--- Caption-style text data ---
◆ ◆ ◆

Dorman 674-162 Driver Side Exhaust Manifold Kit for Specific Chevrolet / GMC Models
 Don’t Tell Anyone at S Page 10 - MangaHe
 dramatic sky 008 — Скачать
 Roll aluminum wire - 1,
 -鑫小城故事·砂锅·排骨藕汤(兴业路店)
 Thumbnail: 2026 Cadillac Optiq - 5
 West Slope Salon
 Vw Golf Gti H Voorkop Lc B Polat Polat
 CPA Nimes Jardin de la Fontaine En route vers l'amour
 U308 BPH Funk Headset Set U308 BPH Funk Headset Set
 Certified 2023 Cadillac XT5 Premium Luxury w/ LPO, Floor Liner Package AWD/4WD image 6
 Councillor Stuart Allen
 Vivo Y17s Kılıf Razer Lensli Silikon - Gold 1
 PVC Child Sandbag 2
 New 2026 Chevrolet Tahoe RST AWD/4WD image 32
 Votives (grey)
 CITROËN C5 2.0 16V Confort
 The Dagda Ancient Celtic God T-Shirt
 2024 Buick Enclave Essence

◆ ◆ ◆

Write out every record, exactly as written.

Dorman 674-162 Driver Side Exhaust Manifold Kit for Specific Chevrolet / GMC Models
 Don’t Tell Anyone at S Page 10 - MangaHe
 dramatic sky 008 — Скачать
 Roll aluminum wire - 1,
 -鑫小城故事·砂锅·排骨藕汤(兴业路店)
 Thumbnail: 2026 Cadillac Optiq - 5
 West Slope Salon
 Vw Golf Gti H Voorkop Lc B Polat Polat
 CPA Nimes Jardin de la Fontaine En route vers l'amour
 U308 BPH Funk Headset Set U308 BPH Funk Headset Set
 Certified 2023 Cadillac XT5 Premium Luxury w/ LPO, Floor Liner Package AWD/4WD image 6
 Councillor Stuart Allen
 Vivo Y17s Kılıf Razer Lensli Silikon - Gold 1
 PVC Child Sandbag 2
 New 2026 Chevrolet Tahoe RST AWD/4WD image 32
 Votives (grey)
 CITROËN C5 2.0 16V Confort
 The Dagda Ancient Celtic God T-Shirt
 2024 Buick Enclave Essence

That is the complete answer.